__TASK__. Without any pictures, retype exactly the lines from the one with "Fig. 05 - Filtering" through the final line of the records.

__STORED DATA__.
[Start of Attachment]

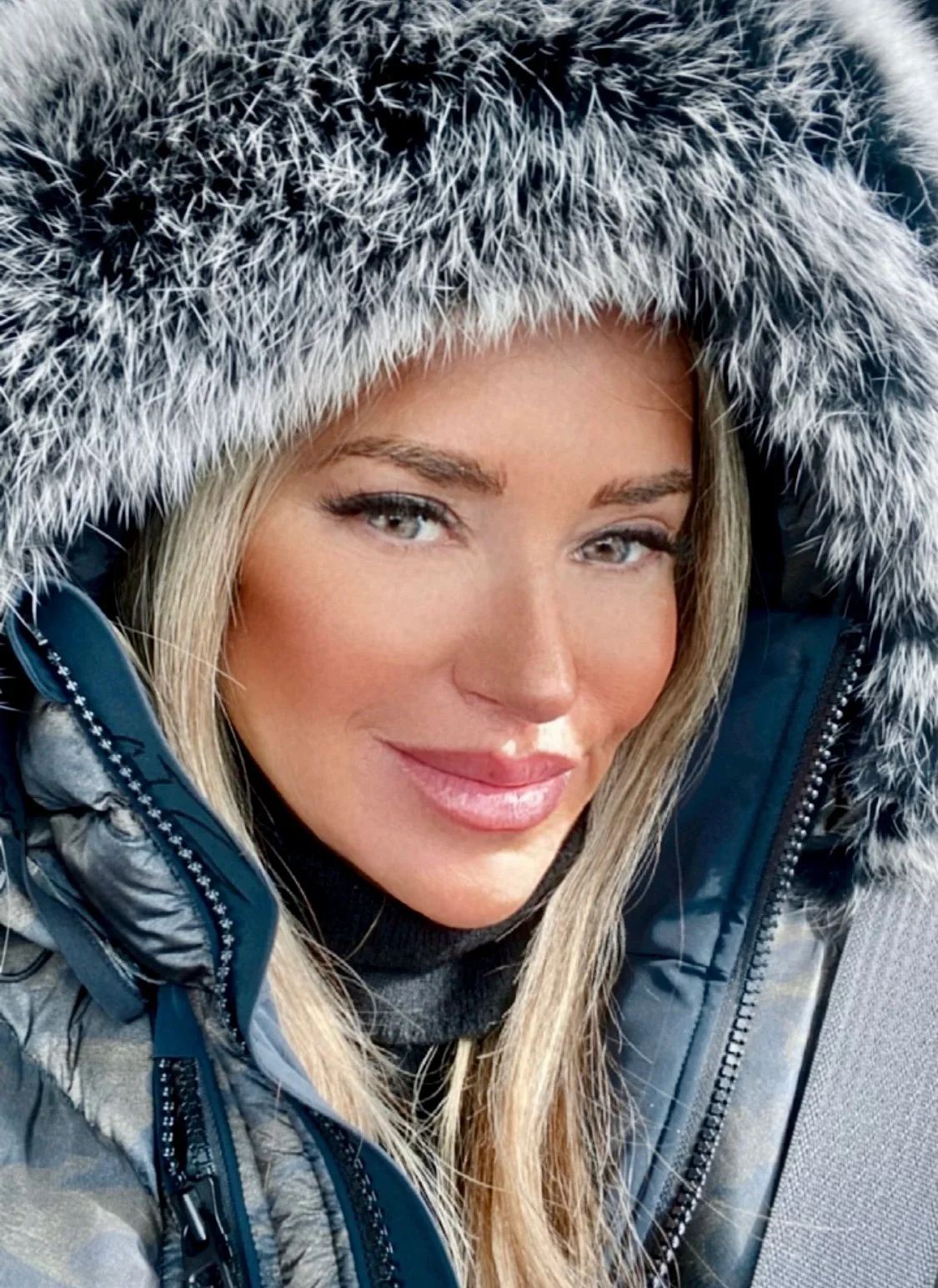 10 Steps to End Dry Skin This Winter and Beyond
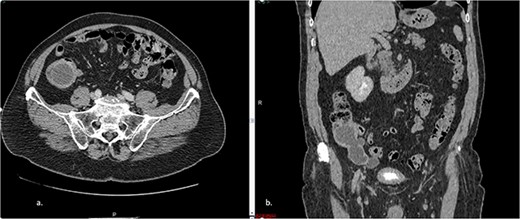 a. Axial CT section of the abdomen showing signs of mucocele of the appendix with intraluminal air. b. The coronal CT section of the appendix shows that the anterior wall of the appendix had an irregular thickening close to the transition of the middle/distal third.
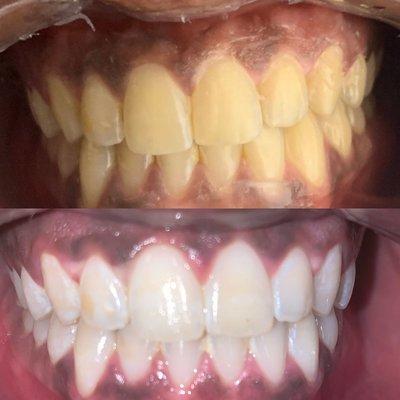 Signature Teeth Whitening Results (after 2 sessions)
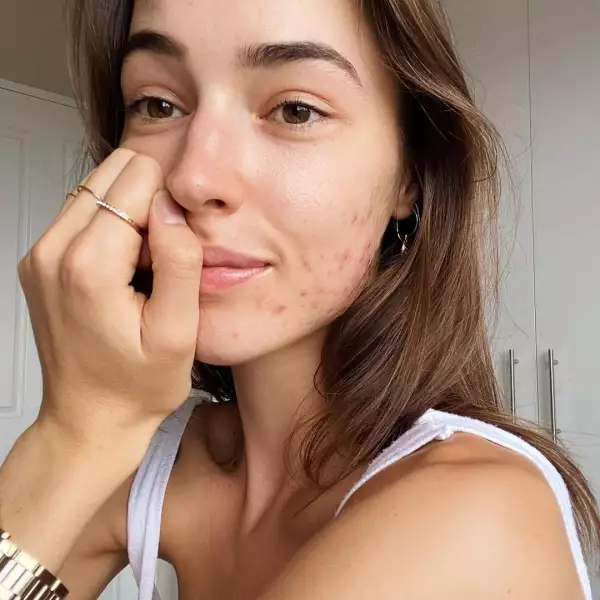 acne-positivity.jpg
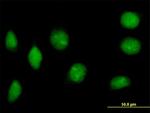 NAP1L2 Antibody in Immunocytochemistry (ICC/IF)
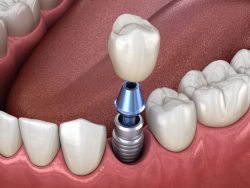 Full Mouth Dental Implants Recovery Time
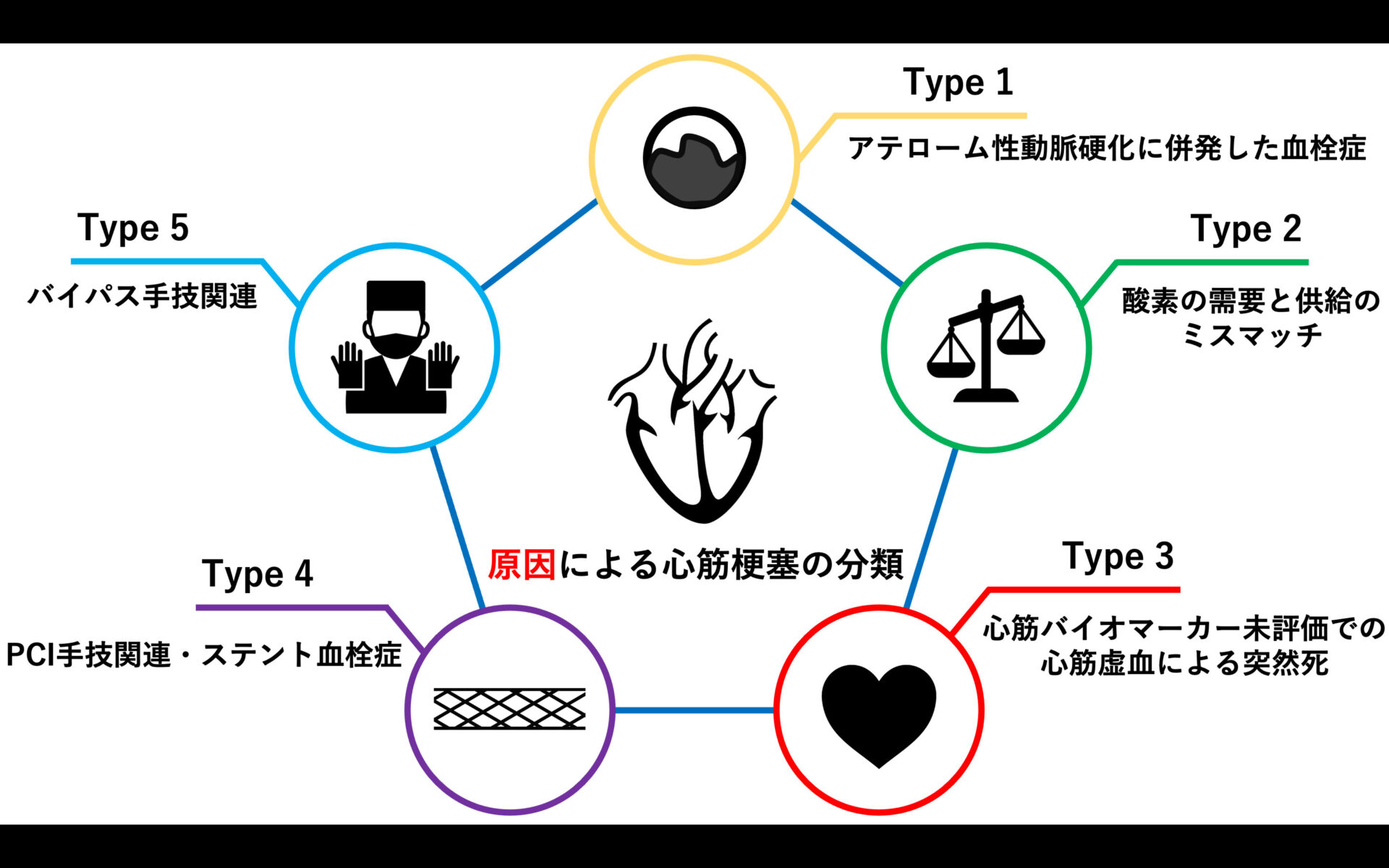 心筋梗塞の原因と分類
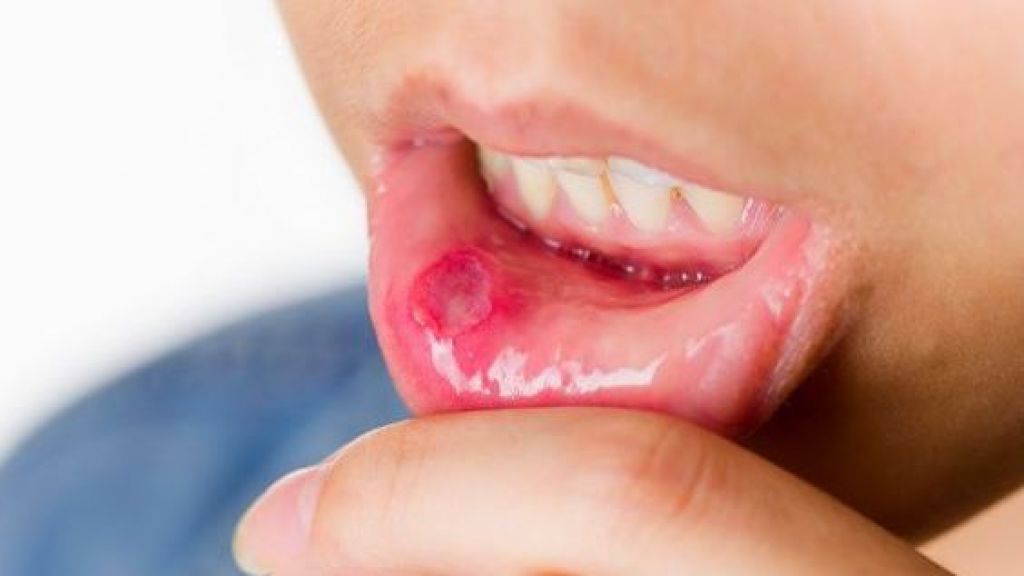 Please Jangan Abai, Ini 10 Tanda ‘Halus’ yang Mengindikasikan Kamu Menggidap Kanker Mulut Beauty!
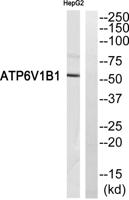 V-ATPase B1 Polyclonal Antibody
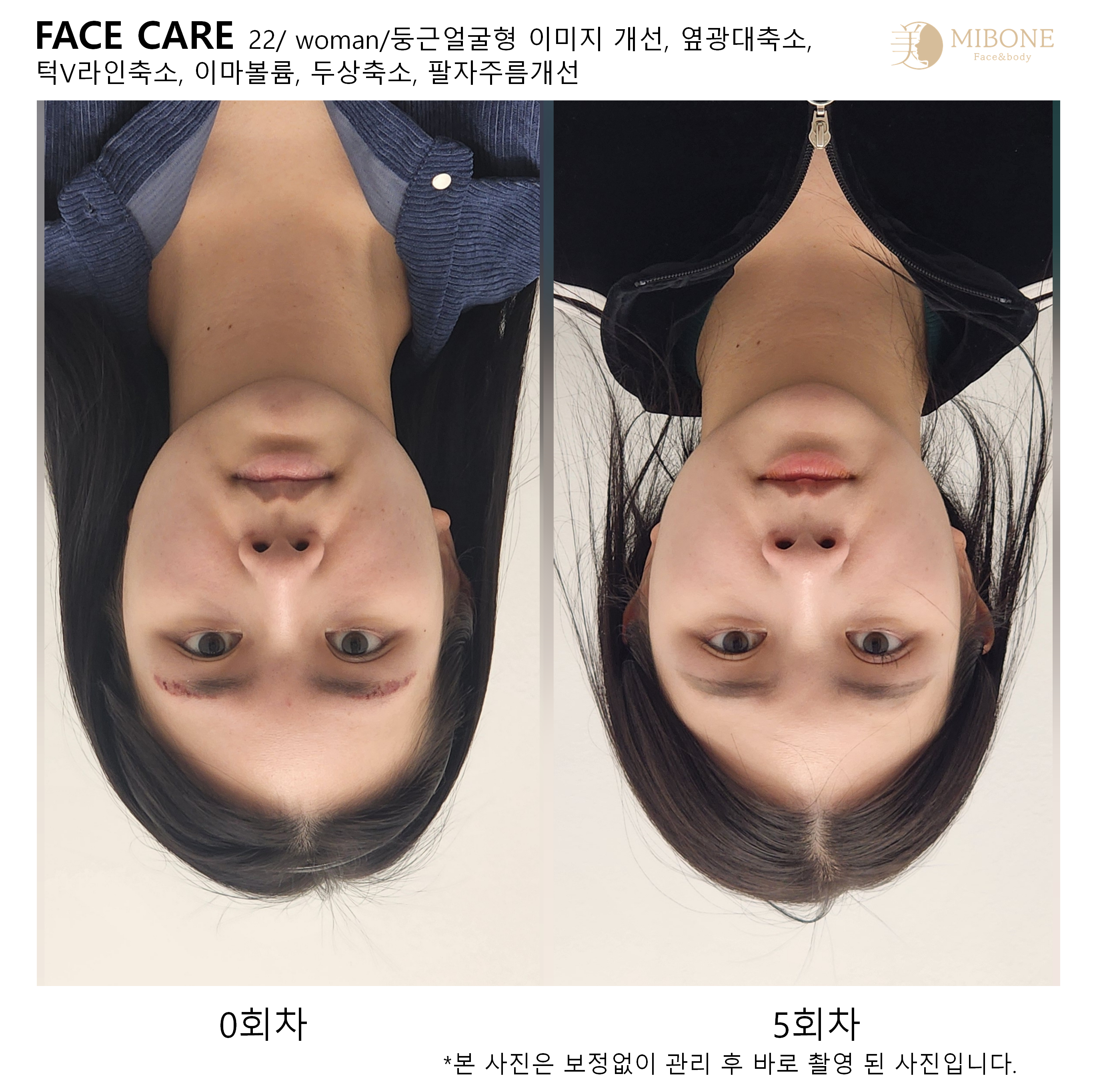 미본 얼굴윤곽관리 강남점 photo 10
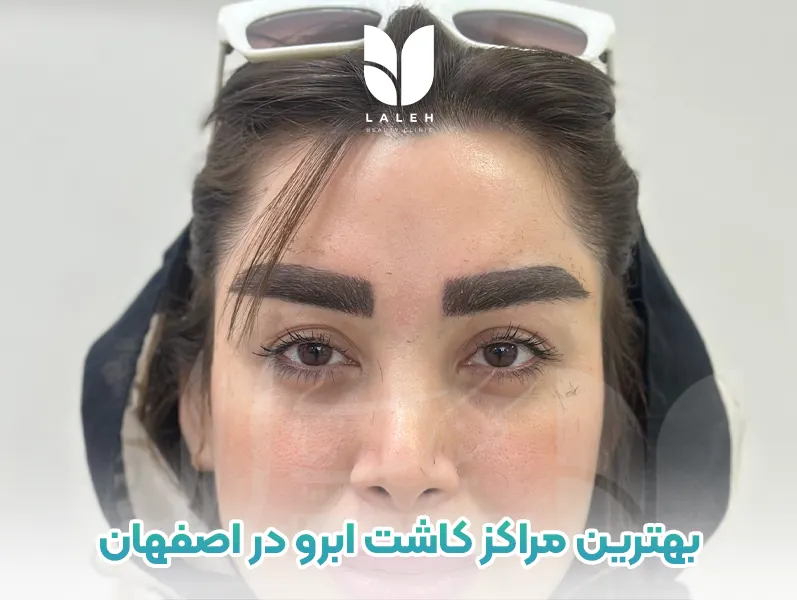 بهترین مراکز کاشت ابرو در اصفهان
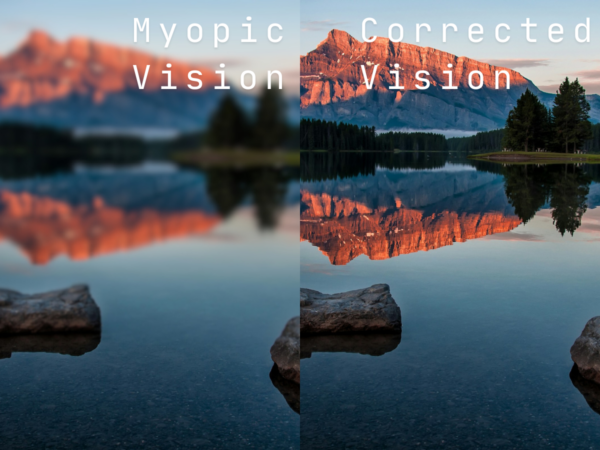 Myopia or nearsighted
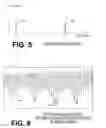 Fig. 05 - Filtering patient signal also for ventilation artifacts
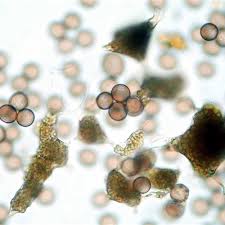 Attēlu rezultāti vaicājumam “Stemonitopsis aequalis var. microspora spores”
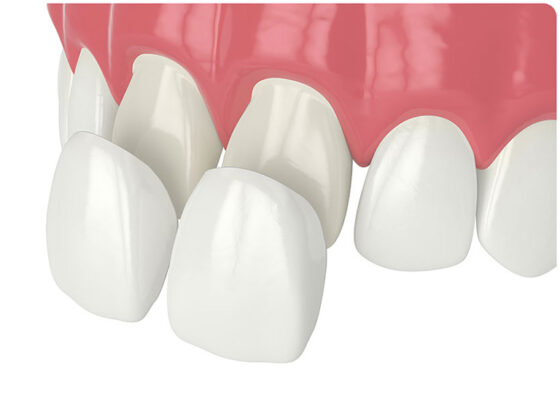 dan su veneer 2 rang cua 2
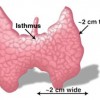 Image of Thyroid isthmus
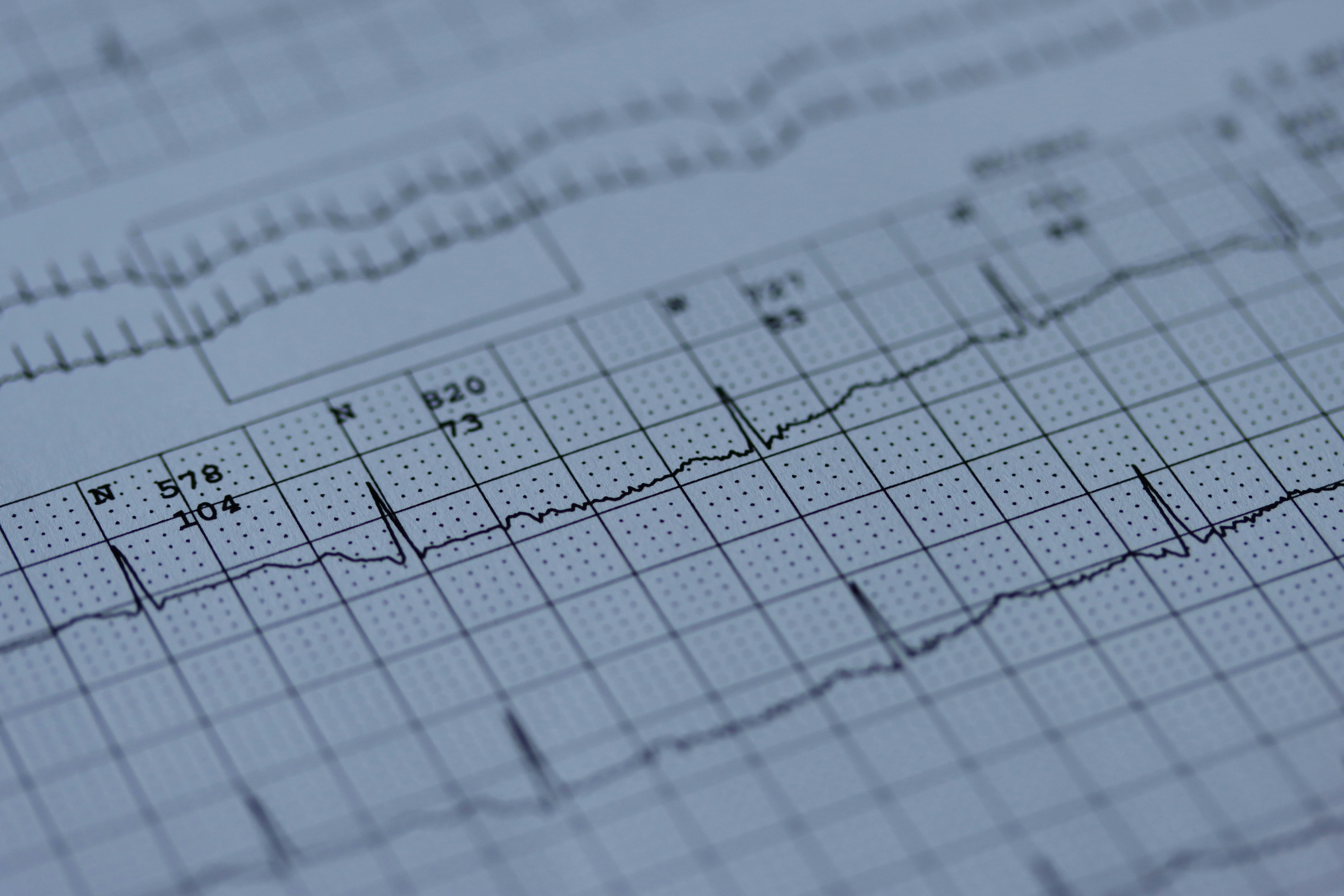 Perioperative Considerations for Patients Undergoing Percutaneous Ablative Therapy for Atrial Fibrillation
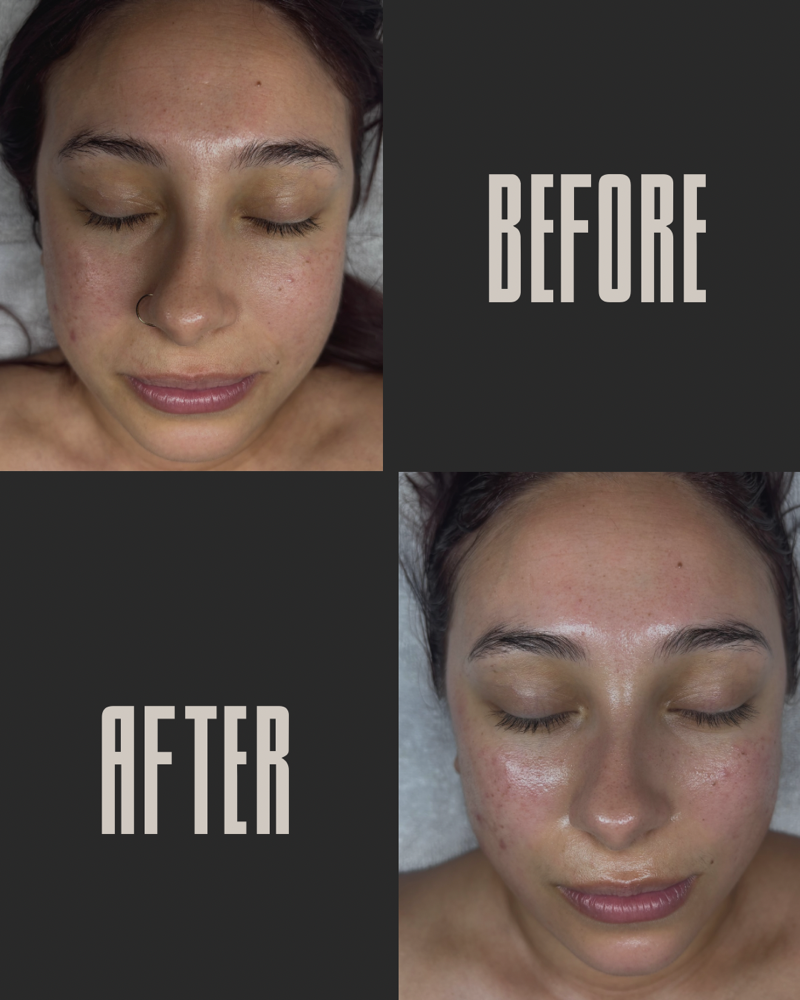 Deep clean Hydro-facial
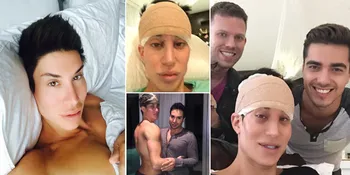 Potret Oplas Justin Jedlica, Dari Persiapan Hingga Wajah Bengkak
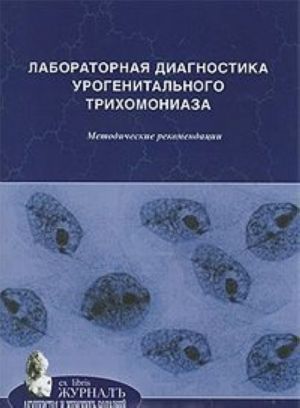 Laboratornaja diagnostika urogenitalnogo trikhomoniaza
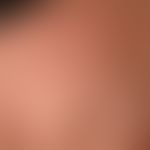 Acne comedonica. general view: Recurrent multiple, disseminated standing retention cysts of 0.3-1...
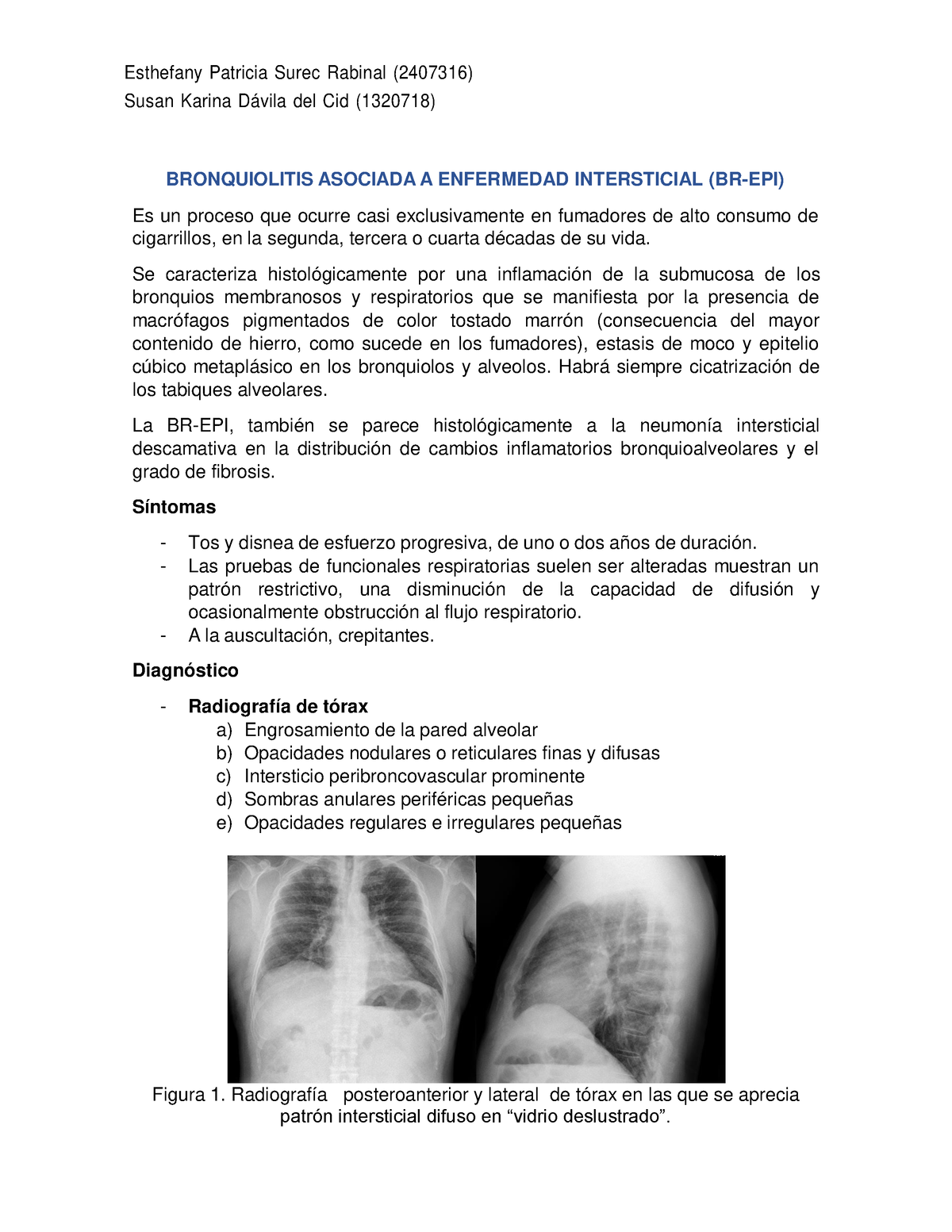 Bronquiolitis Asociada A Enfermedad Intersticial (BR-EPI) Pdf ...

[End of Attachment]

__OUTPUT FOR THIS EXERCISE__.
 Fig. 05 - Filtering patient signal also for ventilation artifacts
 Attēlu rezultāti vaicājumam “Stemonitopsis aequalis var. microspora spores”
 dan su veneer 2 rang cua 2
 Image of Thyroid isthmus
 Perioperative Considerations for Patients Undergoing Percutaneous Ablative Therapy for Atrial Fibrillation
 Deep clean Hydro-facial
 Potret Oplas Justin Jedlica, Dari Persiapan Hingga Wajah Bengkak
 Laboratornaja diagnostika urogenitalnogo trikhomoniaza
 Acne comedonica. general view: Recurrent multiple, disseminated standing retention cysts of 0.3-1...
 Bronquiolitis Asociada A Enfermedad Intersticial (BR-EPI) Pdf ...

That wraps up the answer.